Gdy Grant Morrison zaczynał pisanie przygód X-Men był już twórcą o mocno ugruntowanej pozycji, w statusie “kultowego”. Popularność i uznanie zapewniły mu tak kwasowe tytuły jak “Zenith”, “Animal Man”, “Doom Patrol”, “The Invisibles” czy “Flex Mentallo”. Przy korporacyjnym tytule Marvela do pewnego stopnia miał ręce związane ówczesną mitologią uniwersum i oczekiwaniami samego wydawcy, a mimo to udało mu się napisać jedną z najbardziej zapadających w pamięć historii o mutantach. Pomijając liczne zagrożenia jakie na nich zesłał, a były one bardzo oryginalne i świeże na tle ówczesnych tytułów, Morrison wręcz wybitnie dokształtował tożsamości i relacje między poszczególnymi bohaterami. X-Men wreszcie zaczęli rozmawiać jak żywe istoty (zamiast przerzucać się przemowami), jako grupa nabrali większych jaj i wyrazu. Zniknęły idealistyczne pobudki, zmuszające ich do bezwzględnego nadstawiania karku za ludzkość, a na wierzch wypłynęły interesy własnej grupy społecznej. Pojawiły się też zręby własnej kultury i filozofii, dzięki czemu odrębność mutantów została podkreślona czymś więcej niż tylko posiadaniem supermocy lub osobliwego wyglądu. Całość została też zamknięta w nowoczesnym, futurystycznym ale subtelnym środowisku, które działa na podświadomość i podkręca uczucie stykania się z czymś obcym i niecodziennym.
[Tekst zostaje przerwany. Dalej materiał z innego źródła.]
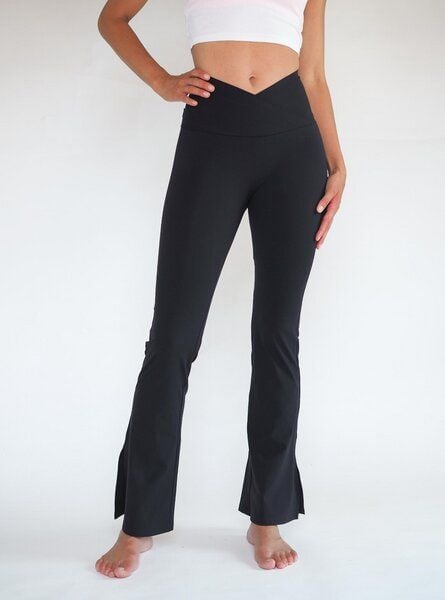 Arctic Flamingo Damen Schlaghose Leggins mit Schlitz und V-Bund, mit verbesserter biologischer Abbaubarkeit von Arctic Flamingo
Scenariusze Morrisona najciekawiej wypadają w artystycznym ujęciu Franka Quitelya, którego styl ma właśnie ten alochtoniczny feel, który nadaje serii wyrazistości. Na Drugim biegunie znajduje się Igor Kordey, którego kreska jest tak brzydka i niechlujna, że w pewnym sensie fascynująca. Pozostali artyści, a jest ich jeszcze kilku, wypadają poprawnie. “New X-Men” nie ma zatem jednego wizualnego charakteru, co jest wielką szkodą (podobnie jak w przypadku “Sandmana”), ale już nie przeszkodą, która rujnuje odbiór. To ze wszech miar komiks wart przeczytania i postawienia na półce, bez względu na to czy jest się fanem Marvela czy nie. To po prostu kawał wyśmienitego science fiction.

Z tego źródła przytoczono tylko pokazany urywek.